Task prompt. Could you please retype all of the entries exactly as they appear?

Record excerpts.

▬▬▬▬▬▬▬▬▬▬

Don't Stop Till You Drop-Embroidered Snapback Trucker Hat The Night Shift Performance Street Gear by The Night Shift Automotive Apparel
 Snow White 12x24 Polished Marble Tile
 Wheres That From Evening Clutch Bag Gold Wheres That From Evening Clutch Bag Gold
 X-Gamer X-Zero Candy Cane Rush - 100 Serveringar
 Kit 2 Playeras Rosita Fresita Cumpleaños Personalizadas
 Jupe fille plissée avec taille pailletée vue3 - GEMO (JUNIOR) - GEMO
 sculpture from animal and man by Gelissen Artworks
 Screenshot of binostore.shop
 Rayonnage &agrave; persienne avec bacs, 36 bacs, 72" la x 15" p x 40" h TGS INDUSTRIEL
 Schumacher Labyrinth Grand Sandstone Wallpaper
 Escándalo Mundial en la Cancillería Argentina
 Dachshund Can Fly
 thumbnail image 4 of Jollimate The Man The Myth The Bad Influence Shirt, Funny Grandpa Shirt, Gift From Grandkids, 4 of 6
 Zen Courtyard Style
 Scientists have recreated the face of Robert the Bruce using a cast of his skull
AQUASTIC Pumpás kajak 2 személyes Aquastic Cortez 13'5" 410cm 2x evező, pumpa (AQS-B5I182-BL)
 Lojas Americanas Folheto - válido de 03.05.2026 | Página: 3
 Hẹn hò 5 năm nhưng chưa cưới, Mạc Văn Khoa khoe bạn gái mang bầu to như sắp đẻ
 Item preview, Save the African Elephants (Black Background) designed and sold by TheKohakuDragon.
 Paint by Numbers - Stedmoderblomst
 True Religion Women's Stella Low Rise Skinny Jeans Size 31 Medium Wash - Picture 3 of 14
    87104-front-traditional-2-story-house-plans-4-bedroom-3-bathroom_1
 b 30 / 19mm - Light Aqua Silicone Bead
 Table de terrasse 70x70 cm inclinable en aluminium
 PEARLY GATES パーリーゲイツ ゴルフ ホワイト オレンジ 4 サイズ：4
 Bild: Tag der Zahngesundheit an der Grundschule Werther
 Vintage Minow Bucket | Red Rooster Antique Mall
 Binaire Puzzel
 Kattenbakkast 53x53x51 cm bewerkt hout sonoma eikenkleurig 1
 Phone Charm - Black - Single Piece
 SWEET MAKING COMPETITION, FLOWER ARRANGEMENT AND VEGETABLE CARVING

▬▬▬▬▬▬▬▬▬▬

Response.
Don't Stop Till You Drop-Embroidered Snapback Trucker Hat The Night Shift Performance Street Gear by The Night Shift Automotive Apparel
 Snow White 12x24 Polished Marble Tile
 Wheres That From Evening Clutch Bag Gold Wheres That From Evening Clutch Bag Gold
 X-Gamer X-Zero Candy Cane Rush - 100 Serveringar
 Kit 2 Playeras Rosita Fresita Cumpleaños Personalizadas
 Jupe fille plissée avec taille pailletée vue3 - GEMO (JUNIOR) - GEMO
 sculpture from animal and man by Gelissen Artworks
 Screenshot of binostore.shop
 Rayonnage &agrave; persienne avec bacs, 36 bacs, 72" la x 15" p x 40" h TGS INDUSTRIEL
 Schumacher Labyrinth Grand Sandstone Wallpaper
 Escándalo Mundial en la Cancillería Argentina
 Dachshund Can Fly
 thumbnail image 4 of Jollimate The Man The Myth The Bad Influence Shirt, Funny Grandpa Shirt, Gift From Grandkids, 4 of 6
 Zen Courtyard Style
 Scientists have recreated the face of Robert the Bruce using a cast of his skull
AQUASTIC Pumpás kajak 2 személyes Aquastic Cortez 13'5" 410cm 2x evező, pumpa (AQS-B5I182-BL)
 Lojas Americanas Folheto - válido de 03.05.2026 | Página: 3
 Hẹn hò 5 năm nhưng chưa cưới, Mạc Văn Khoa khoe bạn gái mang bầu to như sắp đẻ
 Item preview, Save the African Elephants (Black Background) designed and sold by TheKohakuDragon.
 Paint by Numbers - Stedmoderblomst
 True Religion Women's Stella Low Rise Skinny Jeans Size 31 Medium Wash - Picture 3 of 14
    87104-front-traditional-2-story-house-plans-4-bedroom-3-bathroom_1
 b 30 / 19mm - Light Aqua Silicone Bead
 Table de terrasse 70x70 cm inclinable en aluminium
 PEARLY GATES パーリーゲイツ ゴルフ ホワイト オレンジ 4 サイズ：4
 Bild: Tag der Zahngesundheit an der Grundschule Werther
 Vintage Minow Bucket | Red Rooster Antique Mall
 Binaire Puzzel
 Kattenbakkast 53x53x51 cm bewerkt hout sonoma eikenkleurig 1
 Phone Charm - Black - Single Piece
 SWEET MAKING COMPETITION, FLOWER ARRANGEMENT AND VEGETABLE CARVING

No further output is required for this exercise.